After experimenting with huge write caches with the FancyCache software, I can tell you that hard drives feel way way way quicker when writes can be put on the backburner near indefinitely. (In practice the writes drain to disk as soon as possible - but it would keep stockpiling them if it needed to.)

Here’s an example you can probably wrap your head around. If I’m launching the game Borderlands, it takes about 25 seconds to start. If I’m launching it while unzipping something in the background, it takes about 3-4 minutes to start. (The effect of having to seek around to write, then seek back to read, etc.) If however I have a large FancyCache write cache, then it takes about 25 seconds to start. (again, while unzipping something in the background) However, I can hear my drive clicking away for another ~20 seconds afterwards, presumably writting all the unzipped stuff. That’s the effect of more write cache. That’s what I want, but without the danger of a BSOD or kernel panic nuking huge amounts of data (and my filesystem) - more drive cache improves performance safely. It’s a good thing.
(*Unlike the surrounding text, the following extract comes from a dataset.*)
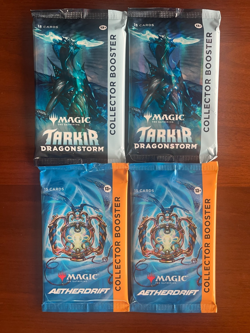 TWO MTG Aetherdrift + 2 Tarkir, Dragonstorm Collector Booster Packs - Image 1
I want it.

-Kramy

All windows versions since NT 3.1 ( on which Win2k and all subsequent releases have been based ), have absolutely used availible free ram to cache disk IO.  Journaling filesystems like NTFS were designed to ensure that power loss would not cause catastrophe using techniques such as a journal.  Such writes bypass any cache on the disk since the disk cache is also lost in the event of a power failure.

Disk write cache does not help since games do not write much data in the first place.  Any data they do write certainly can fit in the kernel filesystem cache, which generally has access to far more memory than the on disk cache, thus, adding more disk cache will not help ( unless you add a LOT of disk cache ).

Yes, it is a generalization that games are smart enough to preload data they will need before they need it.  It also happens to be largely true, and adding disk cache will not help games that do not, since cache mostly keeps around data that has been recently acceded, not data that will soon be needed, but has not been accesedd lately, thus a badly written game engine will not benefit from more disk cache.

If you think it is easy to add cache to a drive, it is even easier to add ram to the system, and let the OS use it for cache.

Extra cache on the drive would not allow the drive to delay background writes any more than the OS could given the same amount of additional ram, hence, it is better to add the ram to the OS than to the drive.  If unzipping in one process slows down another process that is just reading that much, then that points to a fault in the OS, not the drive; the OS should be prioritizing the reads over the writes ( and Linux does so ).

In terms of data safety, any application that cares about safety bypasses the OS and disk cache and makes sure its important data has hit the physical medium before proceeding anyhow.  Moving cache from the OS to the disk theoretically could allow applications to only require the data hit the disk cache before proceeding, but applications are not written to do so; if they care about the data, they make sure it is actually on the disk, not just in the disk cache, because they care about power failures, not just kernel crashes.